Quelle que soit cette persécution, quelque forme qu’elle prenne, sachez ceci, nous l’accueillerons avec orgueil et joie ; et pendant qu’on vous saluera, nous la saluerons. Ce n’est pas nouveau ; toutes les fois qu’on a crié : Ave, Cæsar, l’écho du genre humain a répondu : Ave, dolor.

Quelle qu’elle soit, cette persécution, elle n’ôtera pas de nos yeux, ni des yeux de l’histoire, l’ombre hideuse que vous avez faite. Elle ne nous fera pas perdre de vue votre gouvernement du lendemain du coup d’état, ce banquet catholique et soldatesque, ce festin de mitres et de shakos, cette mêlée du séminaire et de la caserne dans une orgie, ce tohu-bohu d’uniformes débraillés et de soutanes ivres, cette ripaille d’évêques et de caporaux où personne ne sait plus ce qu’il fait, où Sibour jure et où Magnan prie, où le prêtre coupe son pain avec le sabre et où le soldat boit dans le ciboire. Elle ne nous fera pas perdre de vue l’éternel fond de votre destinée, cette grande nation éteinte, cette mort de la lumière du monde, cette désolation, ce deuil, ce faux serment énorme, Montmartre qui est une montagne sur votre horizon sinistre, le nuage immobile des fusillades du Champ de Mars ; là-bas, dressant leur triangle noir, les guillotines de 1852, et, là, à nos pieds, dans l’obscurité, cet océan qui charrie dans ses écumes vos cadavres de Cayenne.

Ah ! la malédiction de l’avenir est une mer aussi, et votre mémoire, cadavre horrible, roulera à jamais dans ses vagues sombres !

Ah ! malheureux ! avez-vous quelque idée de la responsabilité des âmes ? Quel est votre lendemain ? votre lendemain sur la terre ? votre lendemain dans le tombeau ? qu’est-ce qui vous attend ? croyez-vous en Dieu ? qui êtes-vous ?

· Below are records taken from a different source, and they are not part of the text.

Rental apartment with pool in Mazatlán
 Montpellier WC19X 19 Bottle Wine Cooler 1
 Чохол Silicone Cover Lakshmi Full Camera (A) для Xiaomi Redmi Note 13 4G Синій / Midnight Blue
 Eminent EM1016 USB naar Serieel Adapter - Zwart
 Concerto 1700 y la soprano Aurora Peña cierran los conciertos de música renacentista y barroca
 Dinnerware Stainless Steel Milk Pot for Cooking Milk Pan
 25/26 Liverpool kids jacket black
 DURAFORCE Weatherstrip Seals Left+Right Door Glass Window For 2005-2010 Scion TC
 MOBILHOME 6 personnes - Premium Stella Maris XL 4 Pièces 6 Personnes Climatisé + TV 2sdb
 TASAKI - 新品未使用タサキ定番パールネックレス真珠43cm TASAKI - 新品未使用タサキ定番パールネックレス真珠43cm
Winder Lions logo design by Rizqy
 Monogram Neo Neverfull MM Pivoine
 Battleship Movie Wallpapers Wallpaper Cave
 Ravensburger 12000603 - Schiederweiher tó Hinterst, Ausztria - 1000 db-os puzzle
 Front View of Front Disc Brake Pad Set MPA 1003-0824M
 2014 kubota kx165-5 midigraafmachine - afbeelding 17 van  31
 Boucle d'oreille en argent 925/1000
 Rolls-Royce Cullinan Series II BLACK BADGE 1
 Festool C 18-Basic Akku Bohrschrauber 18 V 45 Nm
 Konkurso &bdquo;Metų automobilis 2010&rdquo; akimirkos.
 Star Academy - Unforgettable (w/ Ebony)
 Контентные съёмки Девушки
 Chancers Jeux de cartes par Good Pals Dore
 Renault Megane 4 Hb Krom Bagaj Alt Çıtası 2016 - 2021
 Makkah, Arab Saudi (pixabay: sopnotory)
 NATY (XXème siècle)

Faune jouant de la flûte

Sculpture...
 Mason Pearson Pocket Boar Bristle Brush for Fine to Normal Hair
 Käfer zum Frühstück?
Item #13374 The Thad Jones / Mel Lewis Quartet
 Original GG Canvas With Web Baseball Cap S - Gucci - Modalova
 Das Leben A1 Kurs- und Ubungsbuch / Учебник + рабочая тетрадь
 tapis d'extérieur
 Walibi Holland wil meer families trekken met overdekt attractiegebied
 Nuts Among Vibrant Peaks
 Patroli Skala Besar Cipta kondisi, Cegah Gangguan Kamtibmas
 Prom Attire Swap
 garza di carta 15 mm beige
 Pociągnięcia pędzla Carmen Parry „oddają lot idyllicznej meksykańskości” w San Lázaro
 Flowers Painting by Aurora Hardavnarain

Quelquefois, la nuit, ne dormant pas, le sommeil de la patrie est l’insomnie du proscrit, je regarde à l’horizon la France noire, je regarde l’éternel firmament, visage de la justice éternelle, je fais des questions à l’ombre sur vous, je demande aux ténèbres de Dieu ce qu’elles pensent des vôtres, et je vous plains, monsieur, en présence du silence formidable de l’infini.

VICTOR HUGO.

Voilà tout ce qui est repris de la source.